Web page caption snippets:
━━━━━━━━━━━━━━━━

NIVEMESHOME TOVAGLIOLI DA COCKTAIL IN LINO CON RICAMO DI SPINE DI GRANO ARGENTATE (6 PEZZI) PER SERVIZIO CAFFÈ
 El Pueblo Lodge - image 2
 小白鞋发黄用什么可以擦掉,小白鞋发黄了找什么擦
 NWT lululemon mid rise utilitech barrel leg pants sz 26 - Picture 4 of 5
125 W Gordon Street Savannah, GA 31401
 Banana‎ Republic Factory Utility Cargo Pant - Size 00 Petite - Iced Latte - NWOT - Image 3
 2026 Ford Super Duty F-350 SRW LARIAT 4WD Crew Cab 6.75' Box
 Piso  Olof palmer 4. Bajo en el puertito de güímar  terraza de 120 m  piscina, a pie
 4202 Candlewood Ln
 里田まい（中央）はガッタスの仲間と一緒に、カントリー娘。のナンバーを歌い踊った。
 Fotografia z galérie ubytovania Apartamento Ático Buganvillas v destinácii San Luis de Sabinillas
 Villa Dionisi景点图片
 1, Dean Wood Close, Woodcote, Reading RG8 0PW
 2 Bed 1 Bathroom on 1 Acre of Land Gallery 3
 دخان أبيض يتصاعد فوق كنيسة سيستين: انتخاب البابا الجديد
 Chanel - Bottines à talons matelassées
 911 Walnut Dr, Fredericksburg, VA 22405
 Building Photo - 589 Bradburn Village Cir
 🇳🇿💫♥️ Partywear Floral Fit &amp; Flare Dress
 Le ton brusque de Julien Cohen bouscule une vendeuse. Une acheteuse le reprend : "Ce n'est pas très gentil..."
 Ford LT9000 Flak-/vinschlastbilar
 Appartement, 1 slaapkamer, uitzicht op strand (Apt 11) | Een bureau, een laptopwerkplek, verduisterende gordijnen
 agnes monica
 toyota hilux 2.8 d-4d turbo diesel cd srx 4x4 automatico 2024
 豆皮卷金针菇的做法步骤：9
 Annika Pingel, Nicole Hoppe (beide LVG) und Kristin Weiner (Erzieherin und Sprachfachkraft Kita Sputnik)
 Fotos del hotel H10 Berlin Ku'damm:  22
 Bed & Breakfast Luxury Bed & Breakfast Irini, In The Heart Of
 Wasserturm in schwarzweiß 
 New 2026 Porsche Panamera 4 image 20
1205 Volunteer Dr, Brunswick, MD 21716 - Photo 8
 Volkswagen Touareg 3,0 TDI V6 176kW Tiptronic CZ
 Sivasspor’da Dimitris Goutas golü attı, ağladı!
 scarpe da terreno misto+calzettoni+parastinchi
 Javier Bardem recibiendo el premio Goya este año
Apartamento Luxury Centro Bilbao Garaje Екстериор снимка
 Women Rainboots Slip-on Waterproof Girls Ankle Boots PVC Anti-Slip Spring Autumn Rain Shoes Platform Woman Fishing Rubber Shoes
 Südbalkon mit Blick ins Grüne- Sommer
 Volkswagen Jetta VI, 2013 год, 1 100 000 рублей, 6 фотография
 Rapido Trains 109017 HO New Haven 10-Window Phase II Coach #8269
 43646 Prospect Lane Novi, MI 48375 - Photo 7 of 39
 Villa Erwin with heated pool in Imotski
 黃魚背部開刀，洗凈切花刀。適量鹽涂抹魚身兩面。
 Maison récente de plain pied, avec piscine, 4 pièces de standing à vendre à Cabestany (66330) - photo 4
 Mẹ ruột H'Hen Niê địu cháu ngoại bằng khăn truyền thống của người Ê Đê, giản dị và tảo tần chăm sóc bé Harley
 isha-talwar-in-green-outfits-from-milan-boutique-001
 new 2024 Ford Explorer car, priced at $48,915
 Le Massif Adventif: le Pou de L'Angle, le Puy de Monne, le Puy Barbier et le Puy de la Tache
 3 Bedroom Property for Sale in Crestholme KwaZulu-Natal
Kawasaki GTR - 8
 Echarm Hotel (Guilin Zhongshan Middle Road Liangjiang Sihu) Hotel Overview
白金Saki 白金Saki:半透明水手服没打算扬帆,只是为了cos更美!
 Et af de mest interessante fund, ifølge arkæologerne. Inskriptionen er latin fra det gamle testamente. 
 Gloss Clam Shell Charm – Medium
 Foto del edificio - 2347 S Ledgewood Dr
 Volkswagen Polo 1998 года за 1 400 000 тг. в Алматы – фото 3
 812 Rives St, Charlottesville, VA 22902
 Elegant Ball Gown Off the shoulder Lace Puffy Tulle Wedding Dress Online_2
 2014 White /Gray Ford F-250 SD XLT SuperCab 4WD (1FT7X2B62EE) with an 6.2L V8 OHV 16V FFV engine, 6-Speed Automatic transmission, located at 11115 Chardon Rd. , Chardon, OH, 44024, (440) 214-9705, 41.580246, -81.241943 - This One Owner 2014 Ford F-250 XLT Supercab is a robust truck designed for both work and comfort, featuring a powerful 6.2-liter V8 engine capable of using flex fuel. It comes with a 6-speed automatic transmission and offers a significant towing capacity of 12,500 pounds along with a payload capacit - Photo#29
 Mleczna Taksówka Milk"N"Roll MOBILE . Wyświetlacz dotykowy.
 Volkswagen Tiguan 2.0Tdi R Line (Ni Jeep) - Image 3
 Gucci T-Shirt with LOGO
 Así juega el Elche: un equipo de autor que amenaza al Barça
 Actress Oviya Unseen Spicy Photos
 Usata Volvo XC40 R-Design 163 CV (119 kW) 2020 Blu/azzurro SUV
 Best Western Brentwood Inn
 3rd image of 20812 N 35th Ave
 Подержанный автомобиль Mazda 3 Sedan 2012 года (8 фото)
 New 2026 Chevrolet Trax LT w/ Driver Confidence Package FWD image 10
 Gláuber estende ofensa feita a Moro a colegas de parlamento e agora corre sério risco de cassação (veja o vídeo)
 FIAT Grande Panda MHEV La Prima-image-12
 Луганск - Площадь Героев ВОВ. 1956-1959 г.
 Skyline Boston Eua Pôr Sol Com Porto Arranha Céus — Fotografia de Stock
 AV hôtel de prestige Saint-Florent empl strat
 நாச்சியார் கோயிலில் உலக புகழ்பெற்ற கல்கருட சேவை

━━━━━━━━━━━━━━━━

About this exercise >> Please transcribe exactly the line containing "Подержанный автомобиль Mazda" and every line after it to the end of the data, and no other lines.

Solution to this problem >>
 Подержанный автомобиль Mazda 3 Sedan 2012 года (8 фото)
 New 2026 Chevrolet Trax LT w/ Driver Confidence Package FWD image 10
 Gláuber estende ofensa feita a Moro a colegas de parlamento e agora corre sério risco de cassação (veja o vídeo)
 FIAT Grande Panda MHEV La Prima-image-12
 Луганск - Площадь Героев ВОВ. 1956-1959 г.
 Skyline Boston Eua Pôr Sol Com Porto Arranha Céus — Fotografia de Stock
 AV hôtel de prestige Saint-Florent empl strat
 நாச்சியார் கோயிலில் உலக புகழ்பெற்ற கல்கருட சேவை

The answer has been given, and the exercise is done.